You may think you know the Sweater history, but I think you will be engaged by the information contained in The Sweater, a History by Jane Merrill and Gail DeMeyere. Unlike the long scholarly slog that is the History of Knitting by Richard Rutt, this book is a pleasure to digest. This book is not a bon bon; The Sweater contains a lot of useful information, and this is a book I looked forward to and enjoyed. I found pleasure in enjoying the photography, the stories, and the engagement of the authors in their subject.
A Sweater History
The first 60-ish pages are historical. The authors set forth why there is so little evidence of actual knitting despite early depictions of it in other sources. There is explanation of the early sweaters, few of them solely knitted. Details of the fabric construction accompanies other good historical material.
After presenting sweater history, the book hones in on different types of sweaters and their geographical origins.

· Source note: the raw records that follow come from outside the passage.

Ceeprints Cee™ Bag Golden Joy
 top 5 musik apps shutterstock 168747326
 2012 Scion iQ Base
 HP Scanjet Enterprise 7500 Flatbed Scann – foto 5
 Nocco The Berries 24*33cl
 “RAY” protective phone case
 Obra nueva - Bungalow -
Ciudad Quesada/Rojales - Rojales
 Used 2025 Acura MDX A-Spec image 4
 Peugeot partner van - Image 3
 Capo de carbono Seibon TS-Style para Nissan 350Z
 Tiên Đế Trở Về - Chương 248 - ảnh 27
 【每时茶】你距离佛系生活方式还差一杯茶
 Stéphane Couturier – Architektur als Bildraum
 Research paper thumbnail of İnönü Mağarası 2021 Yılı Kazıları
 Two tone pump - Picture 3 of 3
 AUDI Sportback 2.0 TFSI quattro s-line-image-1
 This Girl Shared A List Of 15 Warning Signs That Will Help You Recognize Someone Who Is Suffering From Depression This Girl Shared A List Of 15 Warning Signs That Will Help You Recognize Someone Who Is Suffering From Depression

I found it interesting and useful to see schematics of sweater shapes, and swatches of stitch patterns. I leave it to you to explore the details in the book.
Sweater History in Modern Times, Part 1
It might not seem modern now, but in the late 19th Century sweaters began to be worn as sports garments by men. Women, as they adopted a sporting life, also adopted sweaters. Still wearing corsets, sweaters were an enhancement to the figure and showed a certain sporting style. Club sweaters for men appeared at about the same time and were likewise adopted by women. Suffragettes wore them.
The big breakout for knits, although not necessarily hand knits, was the result of CoCo Chanel. She introduced them as garments to be part of an “every day” wardrobe. Other designers, such as Jean Patou and Elsa Schiaparelli followed her lead. American Vogue first showed sweaters in 1927.
By the 1930s sweaters were used in movies to define characters. We can all think of favorite sweaters from movies. It is fun to read through how directors and costumers have put them to use.
One of the things that I had nearly forgotten was Beaded Collars. I have one that was my maternal grandmother’s. These were heavily beaded, Peter Pan-style removable collars that hooked, buttoned, or tied over a round neck sweater. This is an idea I think we should take up again!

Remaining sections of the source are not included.